Plusieurs médias locaux ont rapporté des scènes de violence sporadiques avec des incendies, des pillages, des pneus brûlés ou des routes coupées par des individus. Ces scènes ont d’abord éclaté dans le Kwazulu-Natal, après l’incarcération de l’ex-président Jacob Zuma le mercredi 7 juillet, puis se sont étendues à Johannesburg. Le vendredi 9 juillet, la route nationale reliant Durban à Johannesburg avait par exemple été bloquée par des manifestants.

Selon plusieurs observateurs, si le mouvement a bien été déclenché en réaction à l’arrestation de M. Zuma, son intensification depuis quelques jours indique qu’il a dépassé le simple cadre du soutien à l’ex-chef d’Etat.
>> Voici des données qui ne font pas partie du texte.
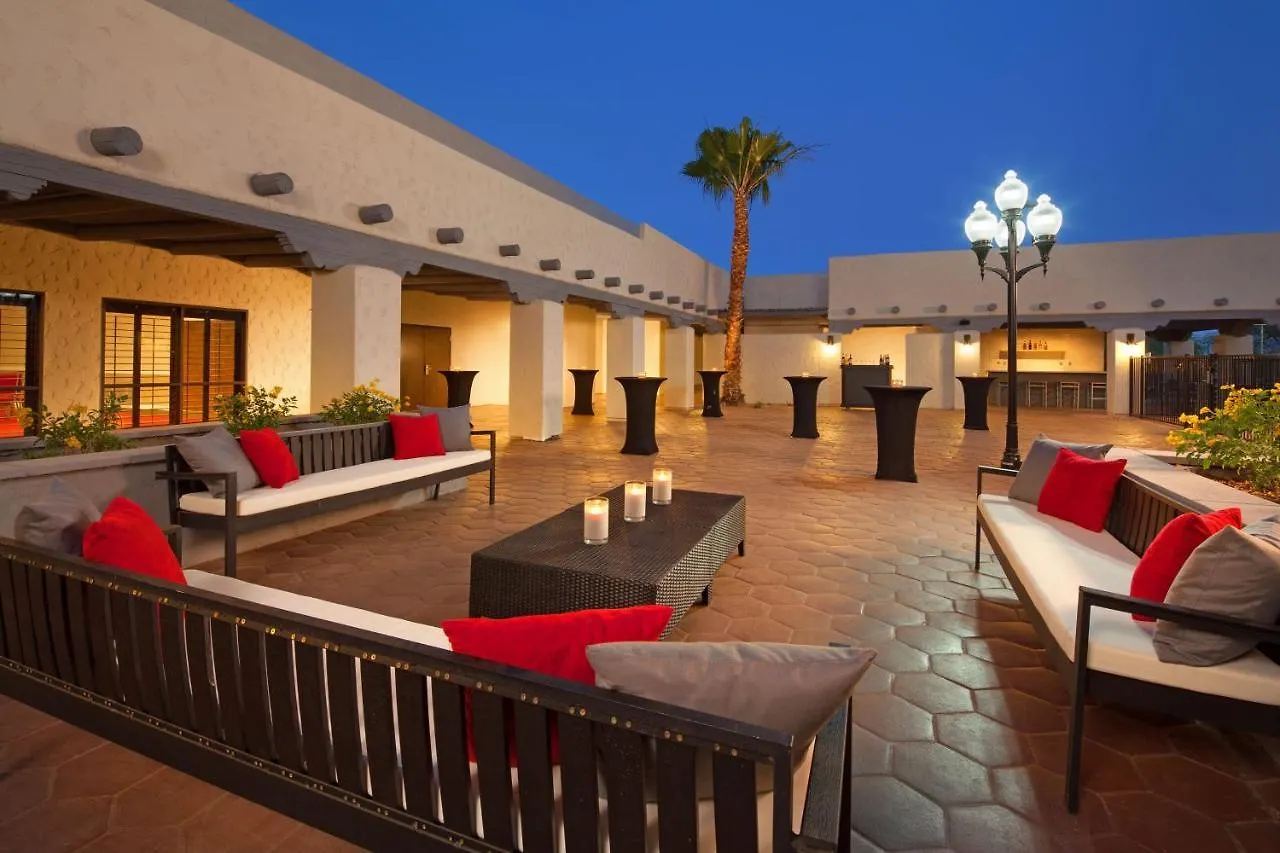 Hotel Four Points By Sheraton Phoenix South Mountain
D’après les analystes, les débordements enregistrés ces derniers jours trouvent également leurs sources dans les difficultés socio-économiques que traverse le pays.
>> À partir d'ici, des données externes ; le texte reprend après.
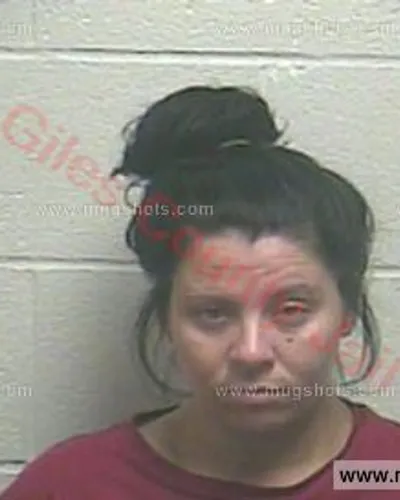 Booking photo of Amber Shelaine Blade, Giles County, Oct 26, 2016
En crise depuis quelques années déjà, l’économie sud-africaine a subi les effets de la pandémie de covid-19 ; ce qui a entraîné une récession de 7% du PIB l’année dernière. En raison des restrictions mises en place pour ralentir la propagation du virus, de nombreux Sud-Africains ont perdu leurs emplois. Cela a entraîné une hausse du taux de chômage à un chiffre record de 32,6% au cours du premier trimestre 2021, malgré les aides sociales apportées par l’Etat aux plus pauvres.

Dimanche soir, dans son discours, le président Cyril Ramaphosa a condamné la flambée des violences. « Des infrastructures clés telles que les routes nationales ont été affectées, ralentissant le transport des biens et des services qui permettent à notre économie de fonctionner. Des propriétés ont été détruites. Des voitures ont subi des jets de pierre. Des gens ont été intimidés et menacés, et certains ont même été blessés. Ces actes mettent des vies en danger et nuisent à nos efforts pour reconstruire l’économie », a-t-il affirmé.

Et d’ajouter : « notre Constitution garantit à chacun le droit de s’exprimer et de manifester pacifiquement. Bien qu’il y ait des gens qui se sentent blessés et en colère en ce moment, il ne saurait jamais y avoir une quelconque justification pour de telles actions violentes, destructrices et perturbatrices ». Selon la police, 62 personnes ont été arrêtées depuis le début des violences.

Ce 12 juillet, la Cour constitutionnelle doit réexaminer la sentence prononcée contre Jacob Zuma condamné à 15 mois de prison pour outrage à la justice. Ce réexamen dont la décision finale est fortement attendue par ses partisans qui dénoncent une instrumentalisation de la justice pourrait avoir un impact sur les manifestations qui secouent actuellement la nation arc-en-ciel.